The next day's Sentinel responded:
THE TRUTH
Men who will at this day, when our nation is in a desperate struggle with traitors, seek to divide our people by a ridiculous expression of apprehension about abolitionists, can be considered in no other light than as the allies of treason and the enemies of our government. He who now seeks to distract and antagonize our people is as black a traitor as Jeff Davis himself, let him live in Seccessia or in our midst. The secessionists are now the great and only enemies who require our immediate attention, and until they are put down all other issues should be dropped.
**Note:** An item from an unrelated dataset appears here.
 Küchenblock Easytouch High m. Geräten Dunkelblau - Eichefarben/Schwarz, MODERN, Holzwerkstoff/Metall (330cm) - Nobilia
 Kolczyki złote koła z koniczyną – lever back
After the Battle of Antietam, President Lincoln issued the Emancipation Proclamation. There were political consequences. In the November elections Democrats made major gains across Pennsylvania. In the 16th District, Democrat Alexander Hamilton Coffroth narrowly unseated Gettysburg's Republican representative Edward McPherson. And yet with his pen Lincoln had ended the question of a limited war for Union. By the time the armies arrived in Gettysburg on July 1st, 1863, the war for Union and the war to end slavery went hand-in-hand.